▶ _YOUR ASSIGNMENT_
Only the lines in the entries below from the line with "That's it guys" to the line with "Now let's head", both included, belong in the answer, transcribed exactly and without pictures.

▶ _RECORDED DATA_
Segment Open

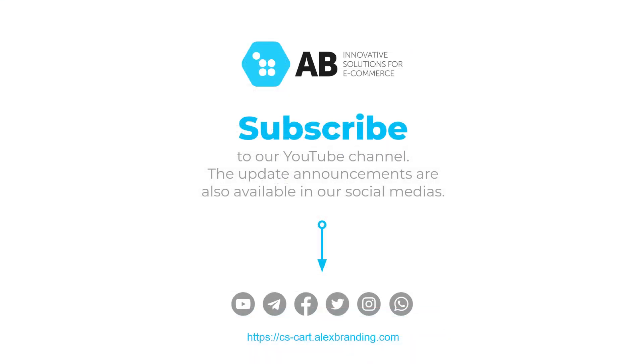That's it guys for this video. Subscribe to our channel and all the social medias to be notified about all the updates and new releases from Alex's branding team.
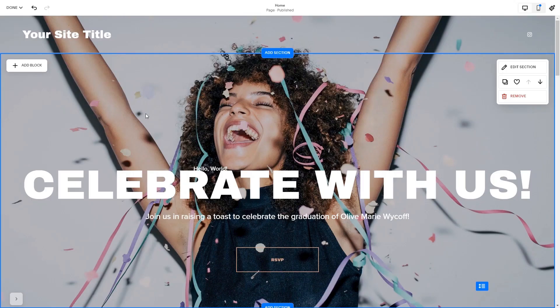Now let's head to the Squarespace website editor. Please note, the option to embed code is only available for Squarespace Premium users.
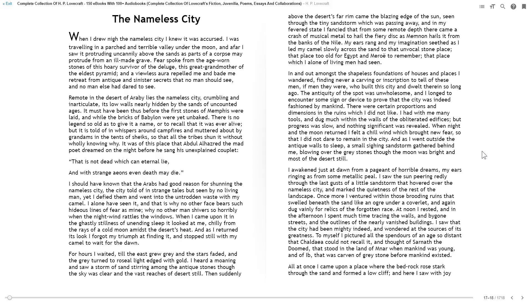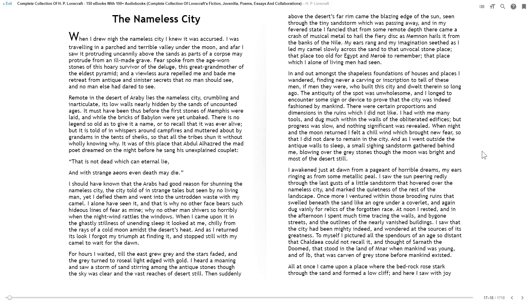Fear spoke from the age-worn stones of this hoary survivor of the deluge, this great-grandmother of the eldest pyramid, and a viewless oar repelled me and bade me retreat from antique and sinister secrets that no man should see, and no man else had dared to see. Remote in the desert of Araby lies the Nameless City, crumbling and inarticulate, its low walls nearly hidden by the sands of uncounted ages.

Segment Closed
Segment Open

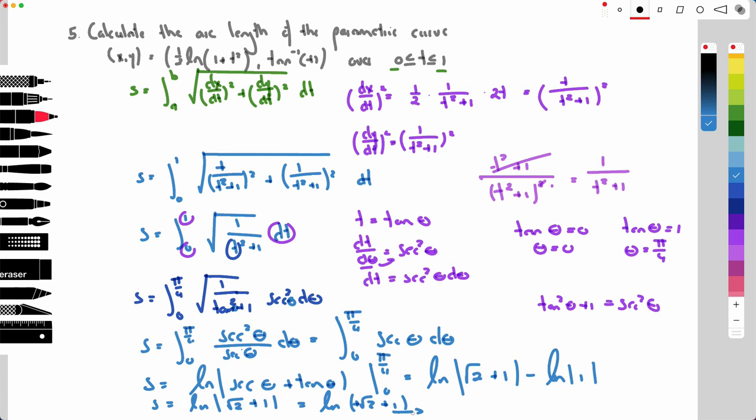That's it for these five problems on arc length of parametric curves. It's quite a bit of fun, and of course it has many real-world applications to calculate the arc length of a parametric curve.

Segment Closed

▶ _OUTPUT FOR THIS EXERCISE_
That's it guys for this video. Subscribe to our channel and all the social medias to be notified about all the updates and new releases from Alex's branding team.
Now let's head to the Squarespace website editor. Please note, the option to embed code is only available for Squarespace Premium users.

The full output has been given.